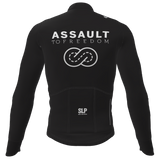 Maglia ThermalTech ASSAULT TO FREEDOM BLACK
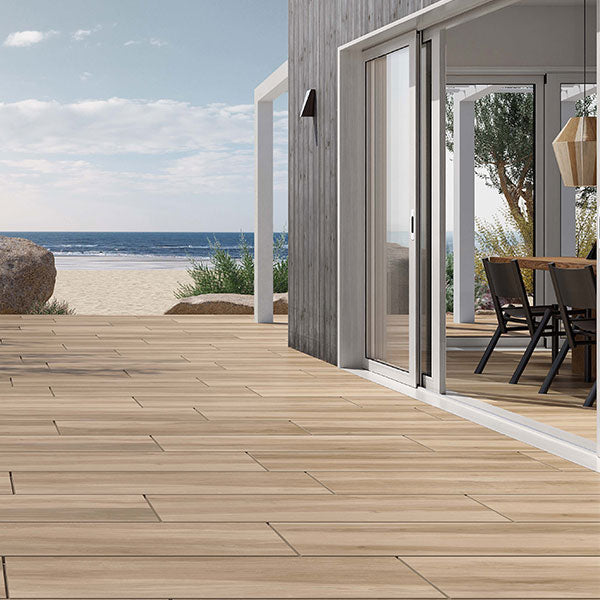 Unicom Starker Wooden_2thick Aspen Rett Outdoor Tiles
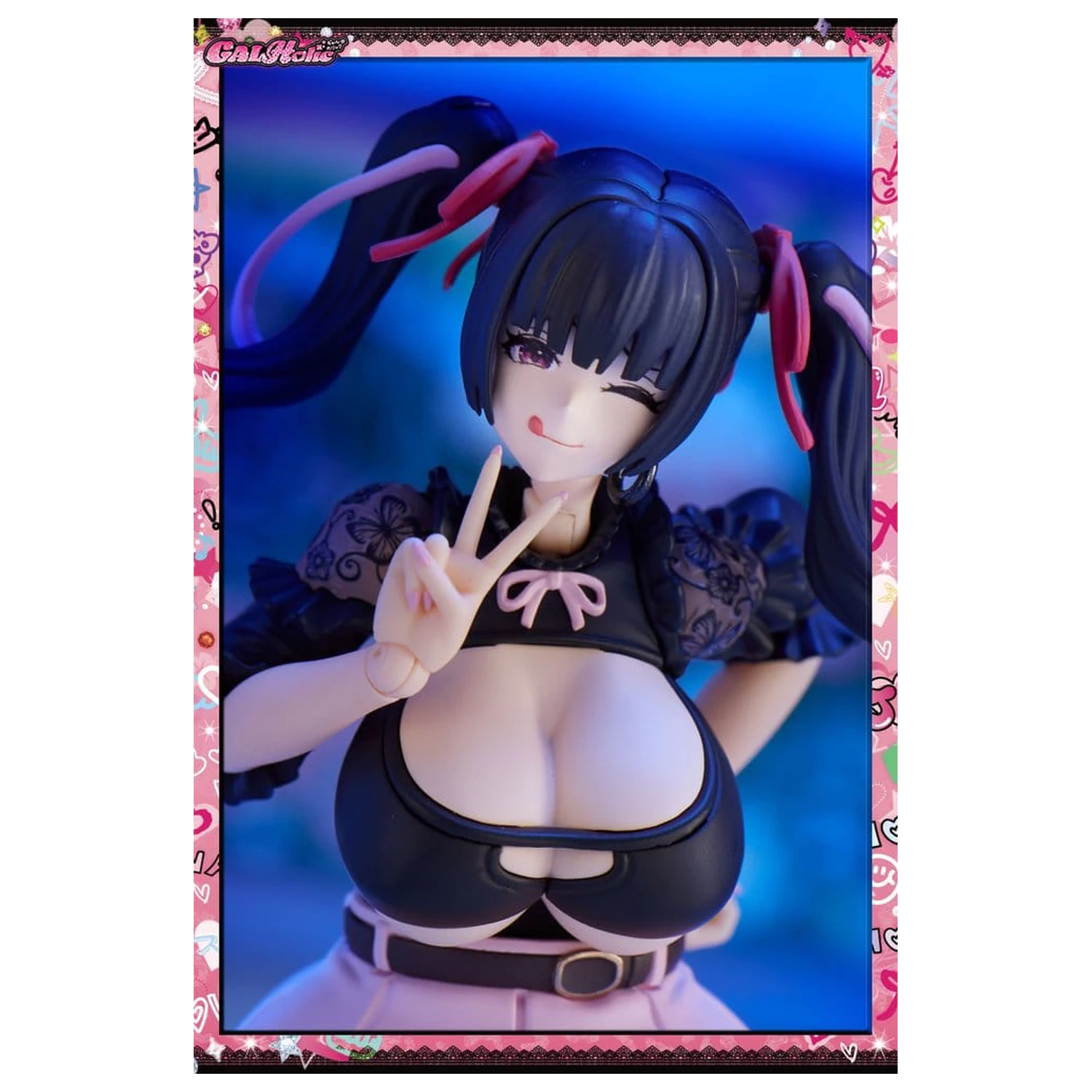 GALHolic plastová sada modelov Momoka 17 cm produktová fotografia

---

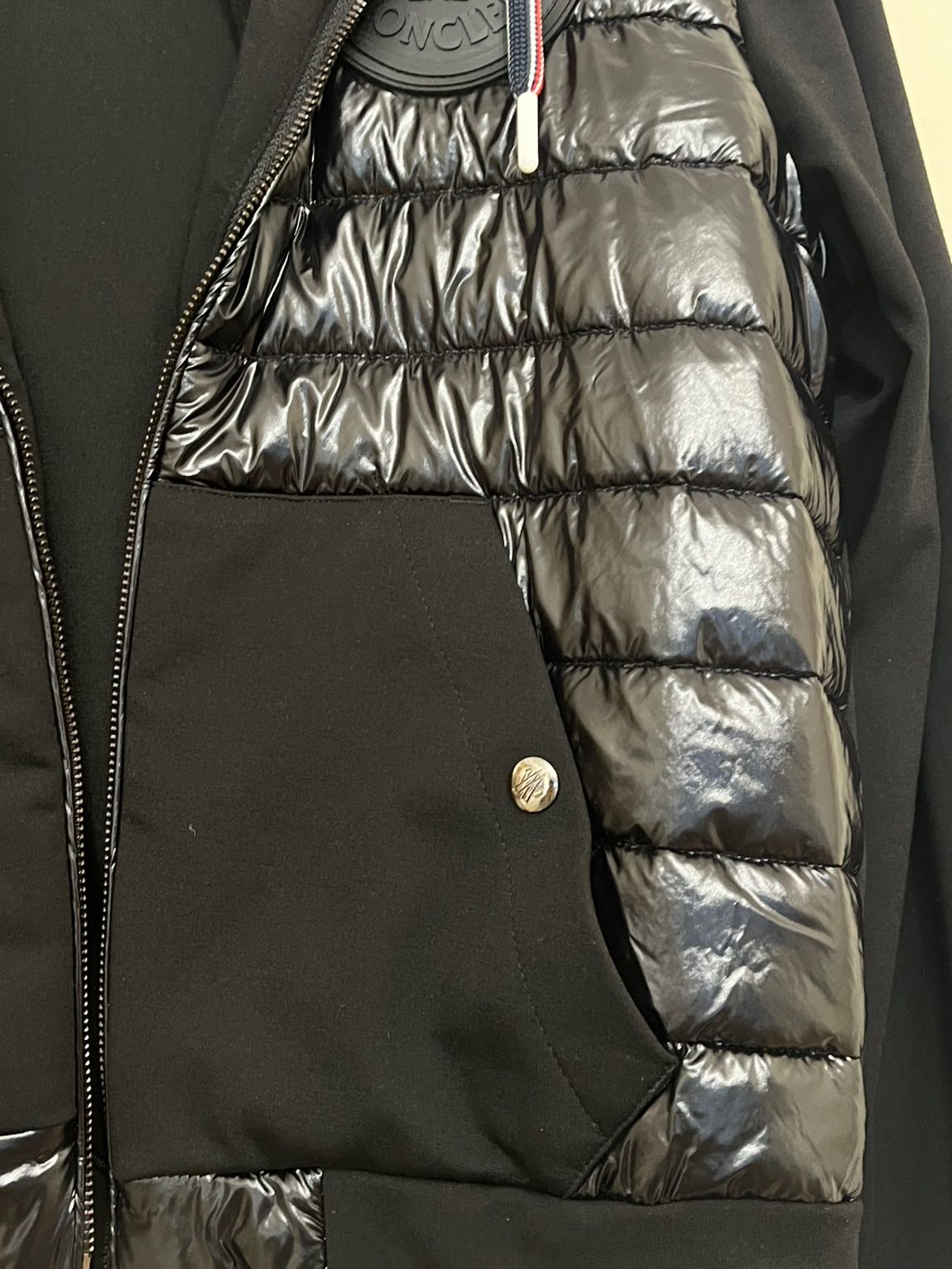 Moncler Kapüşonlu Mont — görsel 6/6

What you are asked to do: Quote word for word only the lines above from the one containing "Unicom Starker Wooden_2thick" through the one containing "GALHolic plastová sada". Pictures stay out of your copy.

Answer to this task:
 Unicom Starker Wooden_2thick Aspen Rett Outdoor Tiles
 GALHolic plastová sada modelov Momoka 17 cm produktová fotografia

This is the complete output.